Days later, Ramaswamy said in an interview with CNBC that "there are hundreds of billions of dollars of savings to extract" from Social Security, Medicare, and Medicaid, claiming the programs are rife with waste, fraud, and abuse.
"People love to have lazy armchair discussions about, oh, are you going to make cuts to entitlements or not, when, in fact, the dirty little secret is that many of those entitlement dollars aren't even going to people who they were supposed to be going to in the first place," said Ramaswamy, advancing a narrative that observers warned could be used to justify additional bureaucratic barriers making it harder for eligible people to receive benefits.
Sen. Sheldon Whitehouse (D-R.I.), chairman of the Senate Budget Committee, said Thursday that the Trump-GOP agenda is "so predictable."
"Tax cuts for billionaire donors; benefit cuts for people on Social Security—how the billionaires loot our country (what, not rich enough already, fellas?)," Whitehouse wrote on social media.

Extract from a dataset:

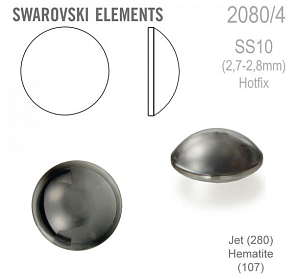 Swarovski 2080/4 Cabochon Round velikost SS10 barva Jet Hematite Hotfix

In a column on Thursday, MSNBC's Ryan Teague Beckwith wrote that "Republicans somehow keep coming back to the idea of cutting Social Security" despite widespread opposition to such cuts among the American public.
"Would Trump try to cut Social Security? It's hard to say. Over the years, he has staked out every possible position on Social Security—sometimes within hours of each other," wrote Beckwith, noting that Trump previously called the program a "huge Ponzi scheme" and backed calls to raise the retirement age.
"So if Republicans—or Musk—decide to propose changes to Social Security benefits," Beckwith added, "it's possible that he might go along with it."